Let me now review the supplemental metrics we report on a quarterly basis. Our sales team performed in Q1, as we ended the quarter with 418 large employer customers, an increase of 114 compared to 304 in the first quarter of 2013, an up till 393 at the end of the last quarter.
We also ended the quarter with 43 carrier customers up from 36 in the first quarter of 2013 and up from 40 from the end of last quarter. As Shawn mentioned the addition of United Healthcare is an exciting customer win but we believe it will be a positive growth driver for this business in the future and we will continue to sign new carrier customers going forward but with 7 of the 10 insurance carriers already under contract we expect a significant amount of our near term carrier revenue growth will come from deeper penetration of our installed customer base.
In addition you continue to see significant interest in our marketplace solutions for many with our carrier customers. Our software revenue retention rates was once again greater than 95% in the first quarter which we believe is evidenced as a significant value our platform generates through our customers.
Moving on to P&L I will start by discussing gross profit on an adjusted basis which excludes stock based compensation, depreciation and amortization required intangibles and amortization of capitalized software. Adjusted gross profit in the first quarter was 13.7 million resulting in an adjusted gross margin of 44%.

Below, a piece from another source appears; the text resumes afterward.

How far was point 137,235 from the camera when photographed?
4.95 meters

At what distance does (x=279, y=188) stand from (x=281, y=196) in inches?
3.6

This was down from the 55% adjusted gross margin in the year ago period due to a number of significant, professional services engagements we’re undertaking for some of our customers. As a reminder we recognize expenses to professional services on an upfront basis defer the revenue until our customer is live.
Services revenue has been amortized over a 10 year customer relationship period. The short term negative impact on gross margins reflects the significant demand we’re seeing from our carrier customers and for our marketplace solutions which typically have significant upfront implementation and professional services components.
Overtime these engagements should drive incremental subscription revenue as our customers signup lives to these new channels. Additionally we expect our professional services margin should scale on the future as we begin to recognize the revenue from our services engagement and the associated expense wind-down.
In addition we expect the creation of a third party implementation eco-system will be a driver of future gross margin expansion. The near term negative gross margin impact will eventually subside and will lead to significant long term benefit and we’re confident in the scalability of our business model and our ability to reach our long term gross margin target.
Turning to operating expenses on a non-GAAP basis excluding stock based compensation and amortization of acquired intangibles sales and marketing expenses were 10.8 million, an increase of 19% compared to the first quarter of 2013. R&D expenses were 8.6 million, an increase of 93% compared to the year ago period and G&A expenses were 3.4 million up 24% compared to the year ago period.
The increase in sales and marketing and R&D expenses during the first quarter was largely due to the increased investments we had begun making in our sales capacity as well as ramping of a private exchange marketplace offering and third party implementation partnership programs. While the increase in our G&A expense reflects increased public company cost, adjusting EBITDA was a negative 8.8 million or negative 29% of revenue.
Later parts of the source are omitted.